RAID10 array wants to re-build every few hours!

Associate
Joined
8 Mar 2004
Posts
409
Location
London, UK
Hi there,

I have a RAID10 array made up of 4 x 500GB Western Digital Caviar SE16 SATA-II (WD5000AAKS) disk drives. Roughly once a day, my RAID controller spontaneously decides that the RAID volume needs to be re-built; I have no option but to let it rebuild.
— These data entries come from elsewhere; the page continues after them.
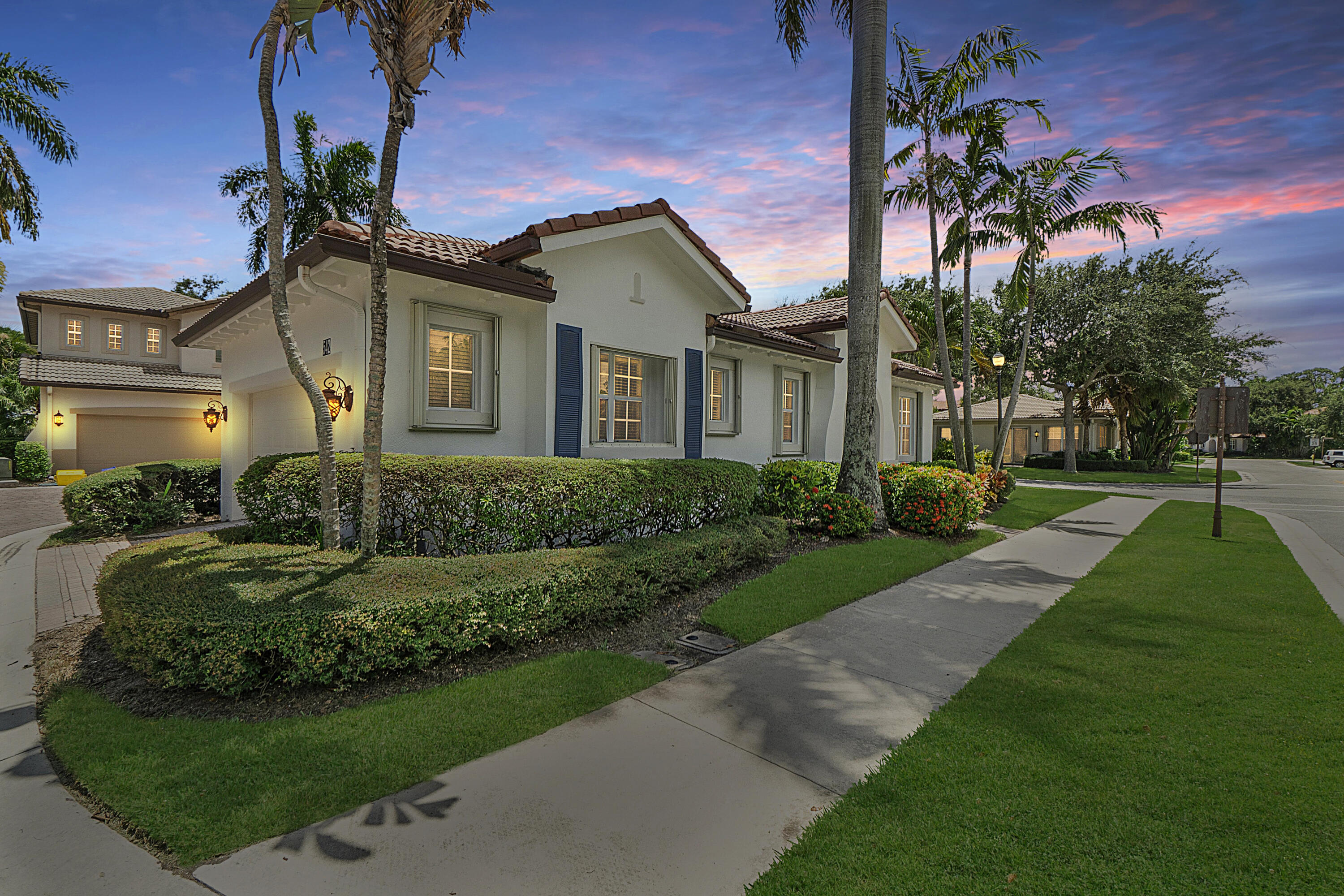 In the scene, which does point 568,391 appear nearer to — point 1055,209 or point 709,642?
point 709,642

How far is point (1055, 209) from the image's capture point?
1515 centimetres

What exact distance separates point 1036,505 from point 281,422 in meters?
17.6

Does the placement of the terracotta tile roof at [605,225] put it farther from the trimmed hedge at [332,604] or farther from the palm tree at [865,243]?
the trimmed hedge at [332,604]

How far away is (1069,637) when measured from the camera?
544cm

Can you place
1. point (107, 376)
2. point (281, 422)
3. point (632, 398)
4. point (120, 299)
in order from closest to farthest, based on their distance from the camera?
point (632, 398) < point (281, 422) < point (107, 376) < point (120, 299)

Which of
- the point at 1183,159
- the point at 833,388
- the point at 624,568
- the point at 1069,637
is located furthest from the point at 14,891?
the point at 1183,159

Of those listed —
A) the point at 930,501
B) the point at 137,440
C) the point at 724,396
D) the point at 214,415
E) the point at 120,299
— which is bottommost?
the point at 930,501

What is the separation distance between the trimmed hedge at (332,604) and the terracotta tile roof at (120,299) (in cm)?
2443

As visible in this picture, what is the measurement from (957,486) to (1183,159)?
25.5 feet

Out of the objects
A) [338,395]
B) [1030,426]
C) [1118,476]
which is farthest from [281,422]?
[1030,426]

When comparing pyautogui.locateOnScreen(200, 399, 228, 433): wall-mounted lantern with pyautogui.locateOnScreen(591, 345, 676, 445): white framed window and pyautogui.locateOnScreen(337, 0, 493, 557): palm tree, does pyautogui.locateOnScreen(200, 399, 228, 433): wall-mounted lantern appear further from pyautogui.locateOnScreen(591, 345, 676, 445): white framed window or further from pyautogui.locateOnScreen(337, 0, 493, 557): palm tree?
pyautogui.locateOnScreen(337, 0, 493, 557): palm tree

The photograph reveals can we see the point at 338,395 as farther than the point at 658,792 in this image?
Yes

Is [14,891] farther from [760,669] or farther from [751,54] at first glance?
[751,54]

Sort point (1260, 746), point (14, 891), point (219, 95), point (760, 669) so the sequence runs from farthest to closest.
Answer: point (219, 95) < point (760, 669) < point (1260, 746) < point (14, 891) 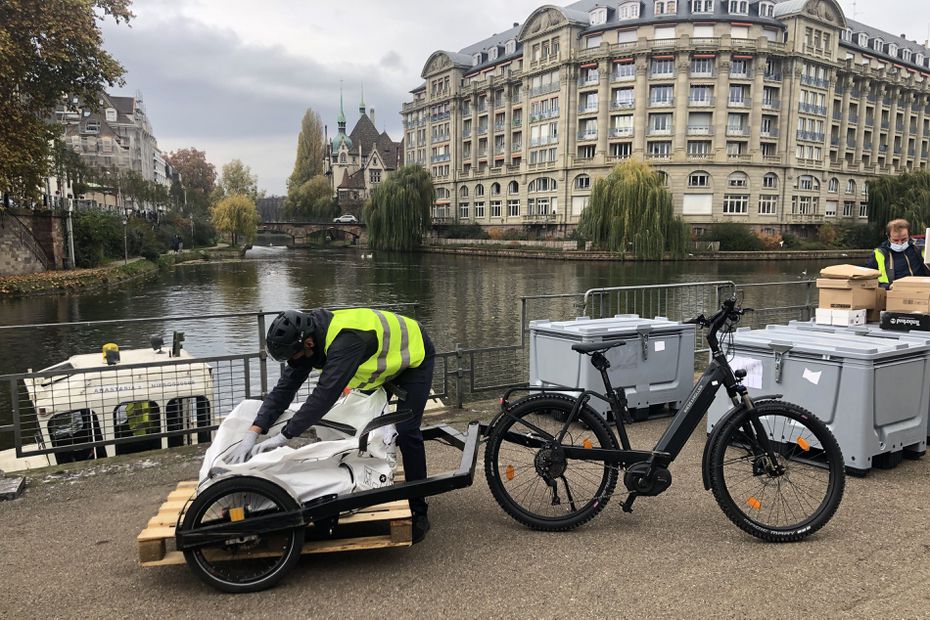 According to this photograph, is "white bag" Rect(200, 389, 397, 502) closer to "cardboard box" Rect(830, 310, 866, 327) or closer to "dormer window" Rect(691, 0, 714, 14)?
"cardboard box" Rect(830, 310, 866, 327)

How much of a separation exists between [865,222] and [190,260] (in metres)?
68.1

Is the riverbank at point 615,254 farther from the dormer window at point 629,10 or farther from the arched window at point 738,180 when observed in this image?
the dormer window at point 629,10

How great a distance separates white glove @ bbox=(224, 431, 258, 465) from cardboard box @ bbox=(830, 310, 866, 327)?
20.7 feet

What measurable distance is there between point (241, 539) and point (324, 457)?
0.61 meters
The SMART status of all four disks is "NORMAL". On one occasion, the RAID controller claimed that the 4th disk in the array was broken and that I should replace the disk. But, after a few minutes, it decided that the fourth disk was absolutely fine and started rebuilding the array.

My RAID controller hardware is the built-in RAID function of the Intel P35 chipset. My motherboard is a Gigabyte P35-DQ6. My RAID software is the Intel Matrix Storage Console (v7.6). As far as I'm aware, I'm running the latest BIOS and drivers. I'm running WinXP32 SP2.

I've tried running the Western Digital diagnostic programme but it can't see the individual drives in the RAID array and I don't have the option of disabling the RAID array (i.e. I have 1TB of data on my RAID array that I need to keep on my RAID array).

Sometimes the computer will freeze for a few seconds while I'm using it and immediately after the computer comes back to life, the RAID controller software will say that it needs to re-build. I don't know if the freezing causes the RAID controller to get confused or if the RAID controller causes the freeze!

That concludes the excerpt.